● PROVIDED INFORMATION
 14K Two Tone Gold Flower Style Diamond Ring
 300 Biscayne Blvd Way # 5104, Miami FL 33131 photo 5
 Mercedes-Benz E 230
==
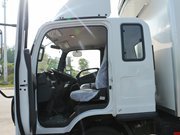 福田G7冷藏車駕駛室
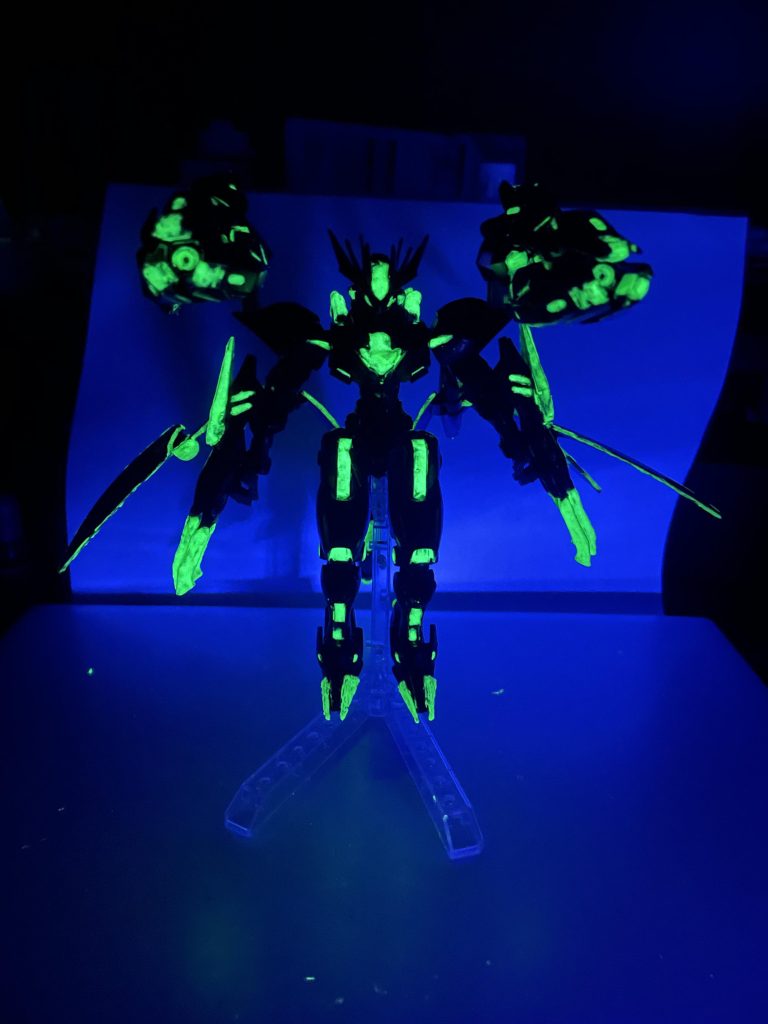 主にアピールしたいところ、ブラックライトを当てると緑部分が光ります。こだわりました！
...
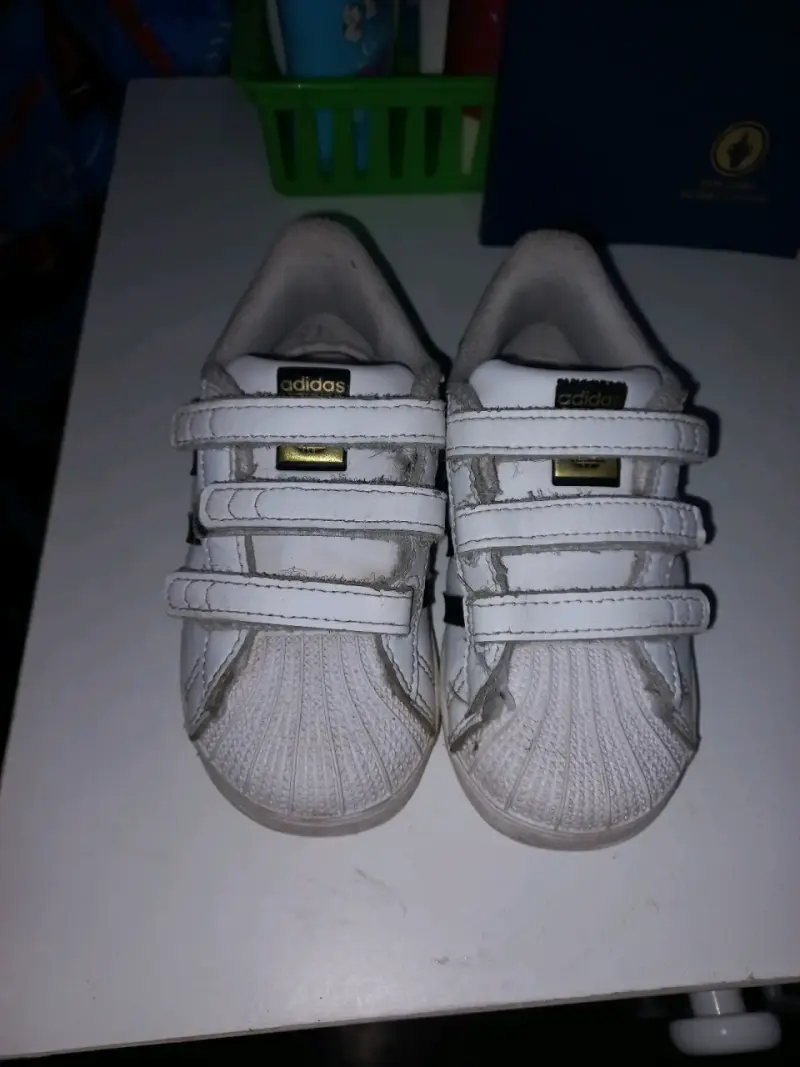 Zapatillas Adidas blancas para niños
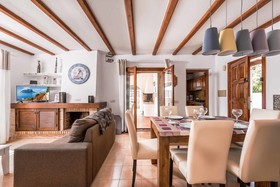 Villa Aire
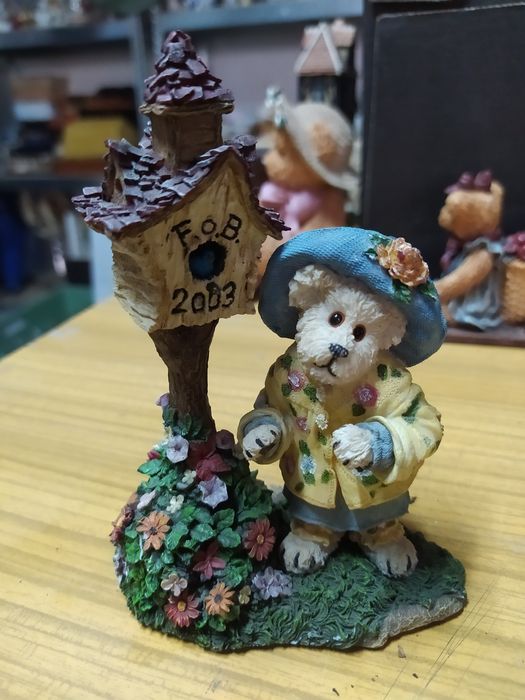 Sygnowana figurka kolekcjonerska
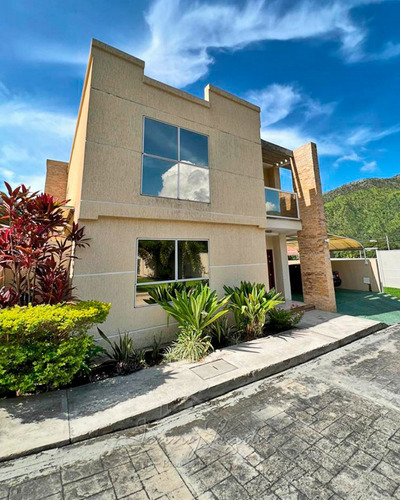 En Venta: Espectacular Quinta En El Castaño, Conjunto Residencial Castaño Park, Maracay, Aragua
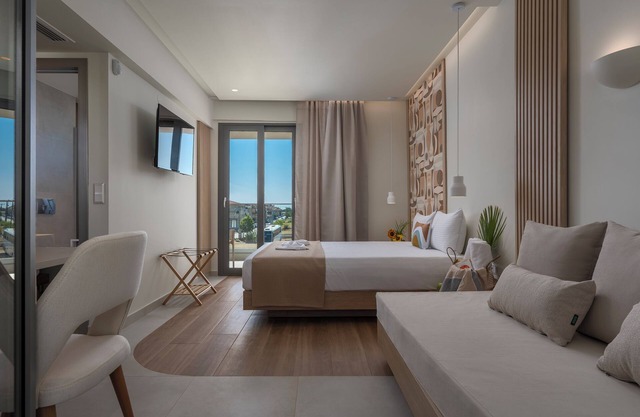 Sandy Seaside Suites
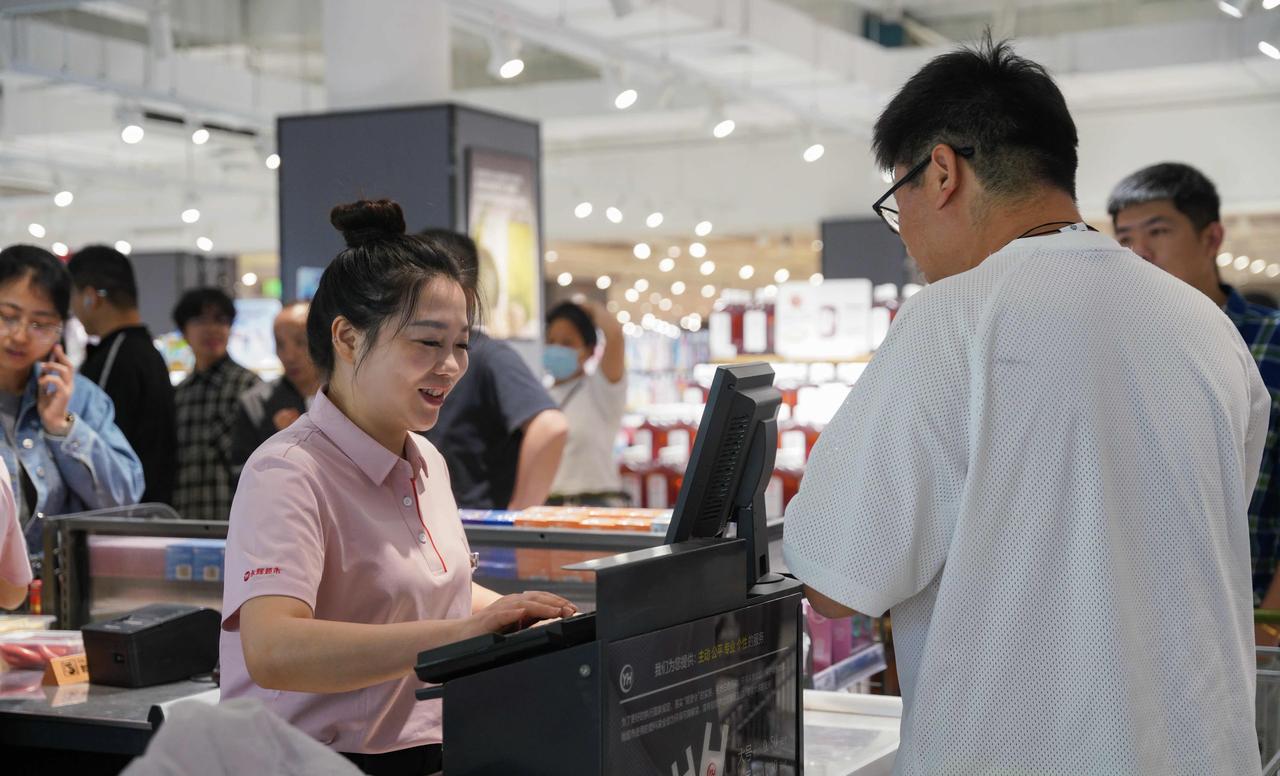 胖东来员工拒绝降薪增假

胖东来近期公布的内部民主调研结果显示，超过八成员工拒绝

● TASK PROMPT
Your reply should consist solely of the lines above from the line containing "Zapatillas Adidas blancas para niños" up to and including the line containing "胖东来近期公布的内部民主调研结果显示，超过八成员工拒绝", reproduced exactly, minus the pictures.

● ANSWER BELOW
 Zapatillas Adidas blancas para niños
 Villa Aire
 Sygnowana figurka kolekcjonerska
 En Venta: Espectacular Quinta En El Castaño, Conjunto Residencial Castaño Park, Maracay, Aragua
 Sandy Seaside Suites
 胖东来员工拒绝降薪增假

胖东来近期公布的内部民主调研结果显示，超过八成员工拒绝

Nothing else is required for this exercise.